Preview | Pitt women’s basketball looks to redeem frustrating season in ACC tournament


Ethan Shulman | Staff Photographer

The Pitt women’s basketball team listens to coach Lance White on the sideline during the game against Syracuse on Thursday.

By Alex Porter, Staff Writer

Pitt women’s basketball’s (10-19, 3-15 ACC) 2023 campaign is underwhelming by all metrics. While the season featured a few highlights — most notably an emotional 60-51 victory against Virginia for their first ACC win of the year in the annual Pink the Pete game — finishing dead last in the conference once again isn’t a sign of forward progress. 

The past few seasons similarly disappointed loyal fans, as Lance White is yet to surpass the 11 wins the team earned in his inaugural season as head coach.

With the unpredictability of college sports, there is still hope for the Panthers to salvage the season and quite possibly White’s job. The Panthers will soon travel to Greensboro, North Carolina, for the annual ACC tournament, playing Wednesday against No. 10 Clemson. 

Last season, No. 1 NC State dominated the tournament, winning the championship by 23 points against No. 7 Miami.

Pitt qualified as the No. 15 seed last season, losing a close contest against No. 10 Duke. Junior forward Liatu King led the Panthers in that game with 13 points and nine rebounds, and they’ll need similar production from her again this postseason. 

Clemson and Pitt met once already this season, where the Tigers defeated the Panthers 72-57. Pitt controlled the game before a 22-6 Clemson run in the third quarter. Clemson senior guard Amari Robinson took over the contest with a game-leading 18 points.

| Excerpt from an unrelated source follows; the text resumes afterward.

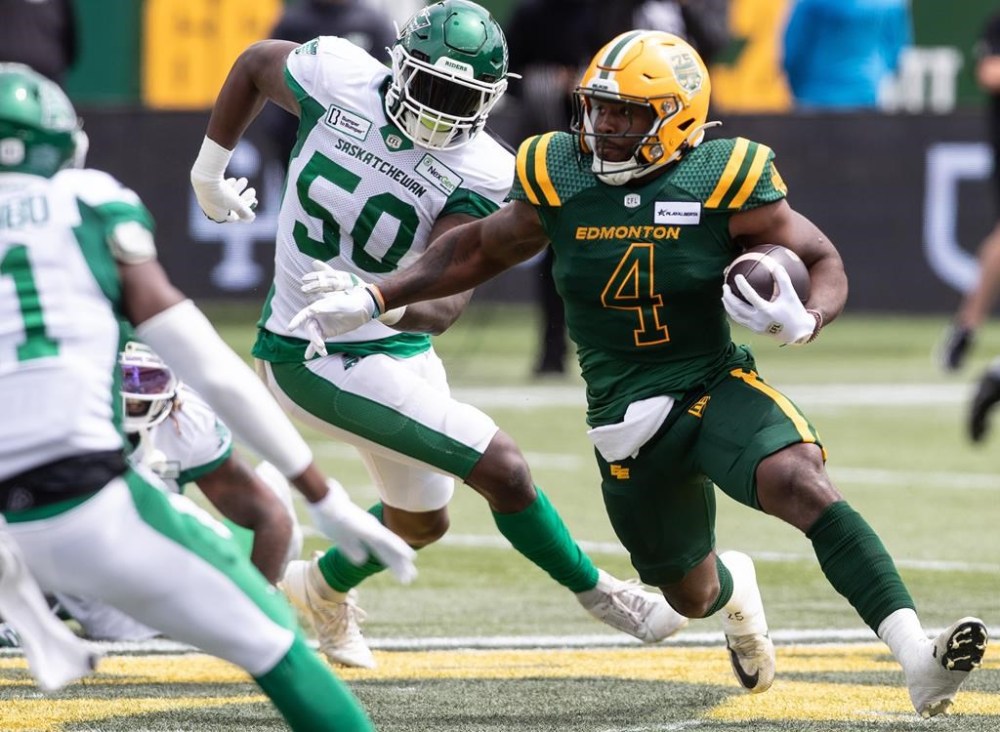 Edmonton Elks' Kevin Brown (4) carries the ball against the Saskatchewan Roughriders during first half CFL action in Edmonton, Alta., on Saturday June 8, 2024. THE CANADIAN PRESS/Jason Franson.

Robinson is a prolific scorer, ranking No. 8 in the ACC in points, making the Panther’s ability to effectively shut her down crucial to Wednesday’s contest.

Clemson is on a hot streak, entering the ACC tournament on a two-game win streak, besting both Virginia and a ranked Florida State team. Robinson led both games in scoring with 18 and 20 points, respectively. With these victories, Clemson is regaining some momentum after dropping six of seven games prior to their streak.

Pitt, on the other hand, is trending in the opposite direction, riding a three-game losing streak going into the tournament. Prior to the losing streak, Pitt won three of four ACC matchups — it must return to that form in order to have a chance at advancing.

Amid this losing streak, the Panthers played their worst game of the year in a 85-55 loss against Syracuse on senior night last week. White had harsh words regarding his team’s performance following the game. 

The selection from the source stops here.